Data in this exercise —

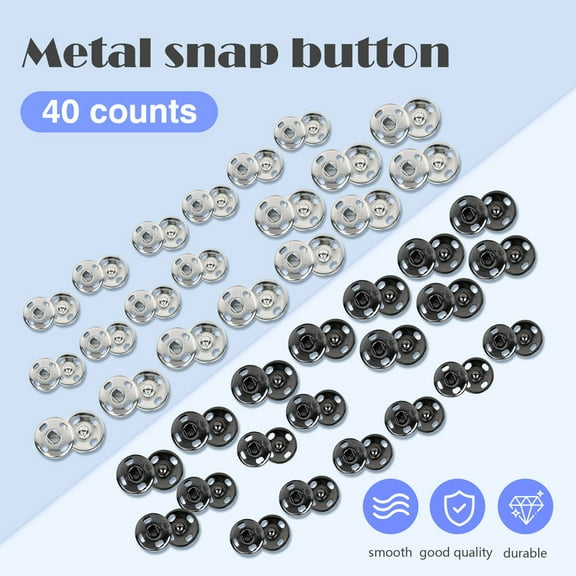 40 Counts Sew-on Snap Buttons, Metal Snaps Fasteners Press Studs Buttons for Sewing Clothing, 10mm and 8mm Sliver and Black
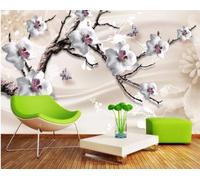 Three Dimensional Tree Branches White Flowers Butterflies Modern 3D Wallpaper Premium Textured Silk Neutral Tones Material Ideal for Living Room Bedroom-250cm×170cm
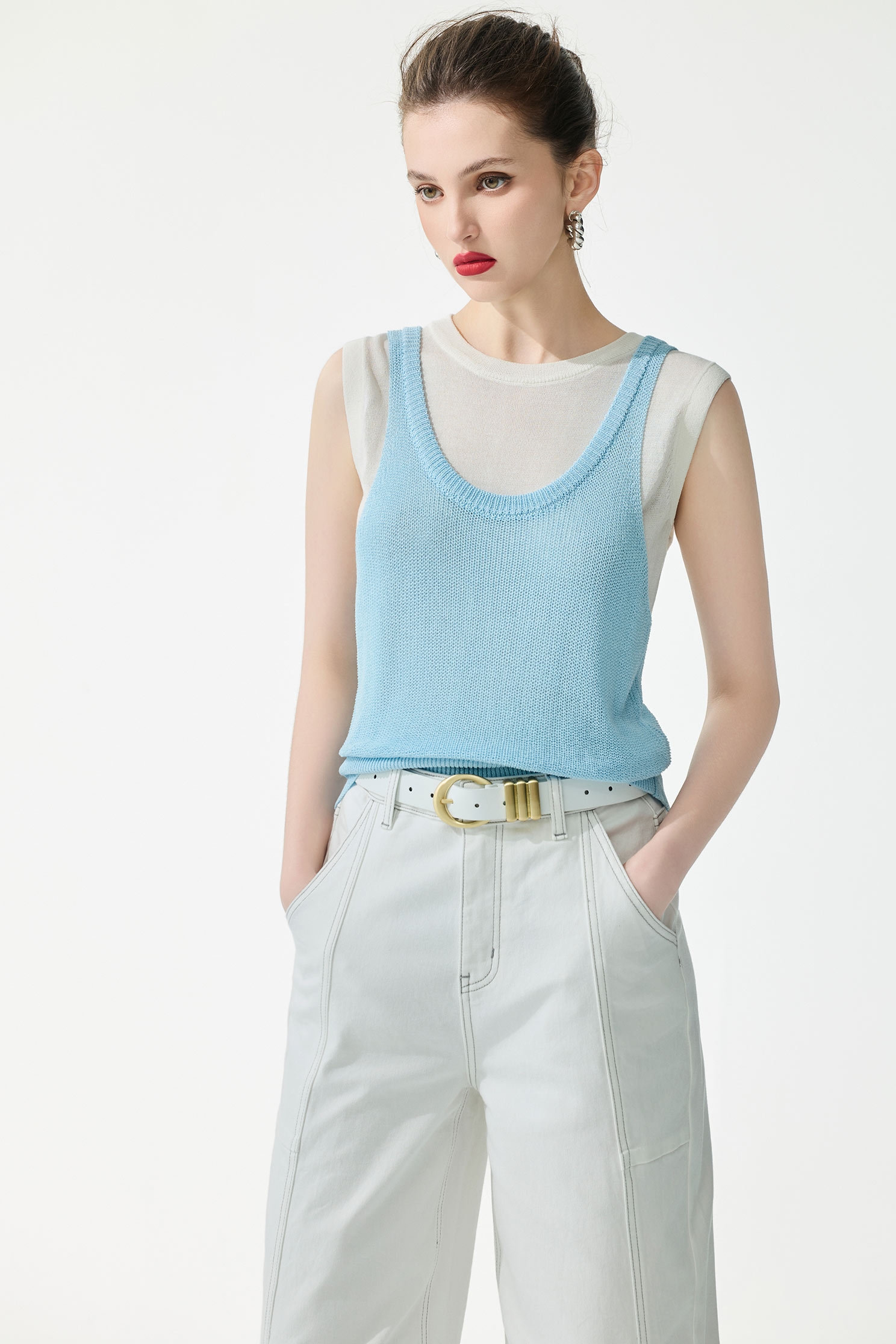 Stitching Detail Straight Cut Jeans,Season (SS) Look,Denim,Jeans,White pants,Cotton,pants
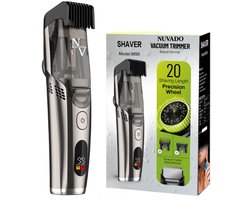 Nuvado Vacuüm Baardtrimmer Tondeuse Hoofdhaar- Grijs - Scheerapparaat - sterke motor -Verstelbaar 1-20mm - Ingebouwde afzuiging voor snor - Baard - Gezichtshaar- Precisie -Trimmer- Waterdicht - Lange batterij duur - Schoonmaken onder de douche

...

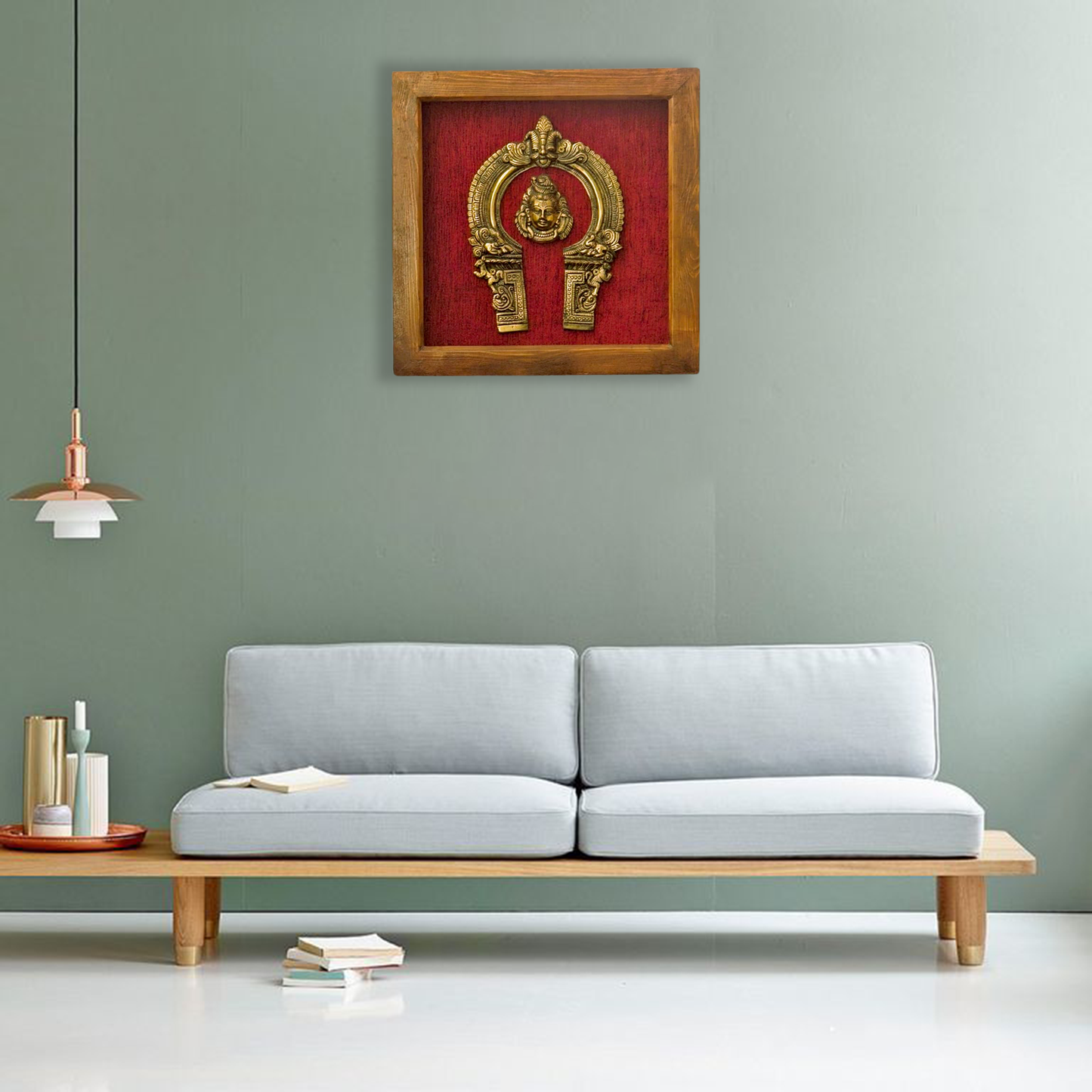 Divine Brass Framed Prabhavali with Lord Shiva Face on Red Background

...

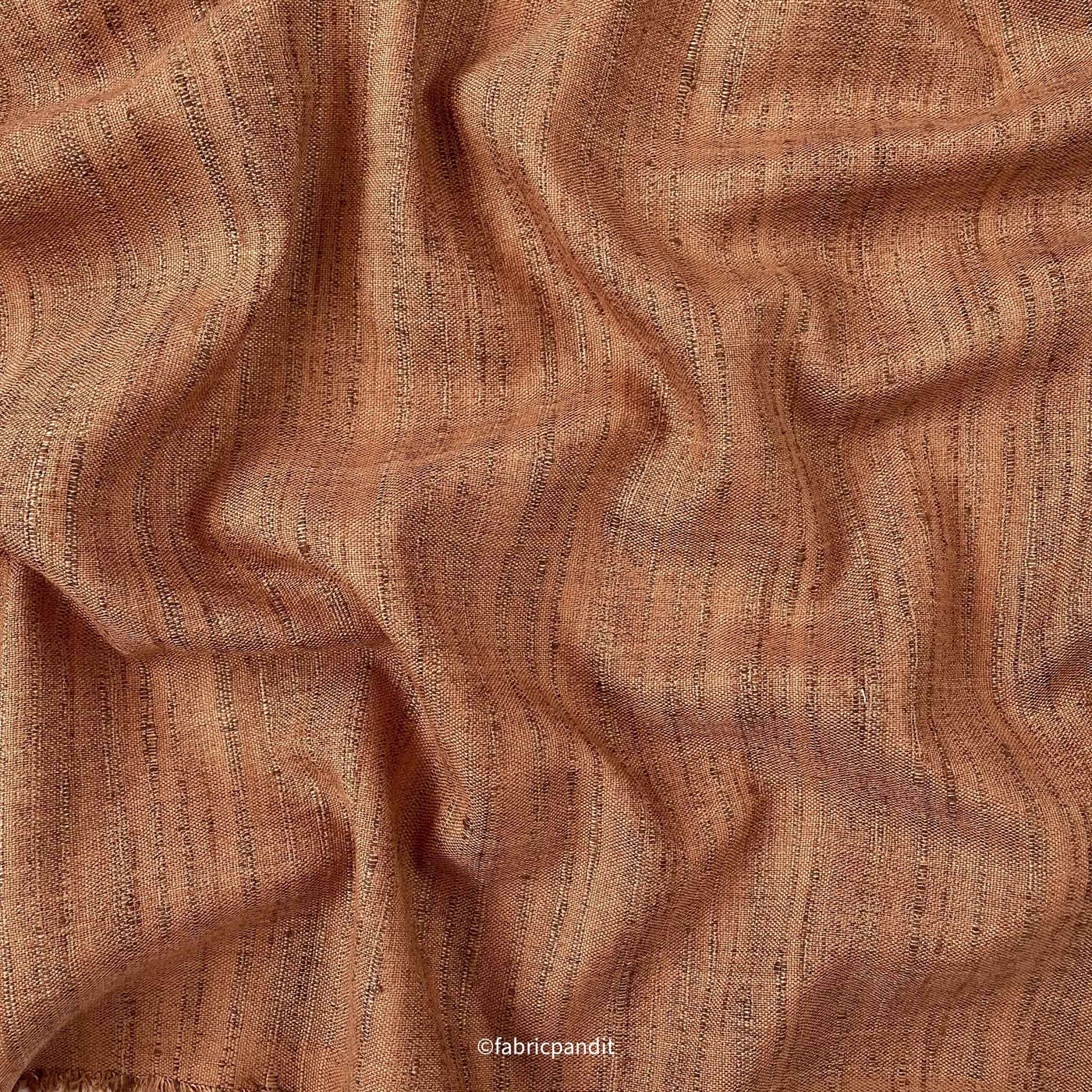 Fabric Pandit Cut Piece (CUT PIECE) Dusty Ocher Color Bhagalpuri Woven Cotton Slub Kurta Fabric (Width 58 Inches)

What is required — Look through the listing above for the line with "40 Counts Sew-on" and the line with "Stitching Detail Straight". Write out exactly those lines and everything between, leaving out pictures.

Task answer —
 40 Counts Sew-on Snap Buttons, Metal Snaps Fasteners Press Studs Buttons for Sewing Clothing, 10mm and 8mm Sliver and Black
 Three Dimensional Tree Branches White Flowers Butterflies Modern 3D Wallpaper Premium Textured Silk Neutral Tones Material Ideal for Living Room Bedroom-250cm×170cm
 Stitching Detail Straight Cut Jeans,Season (SS) Look,Denim,Jeans,White pants,Cotton,pants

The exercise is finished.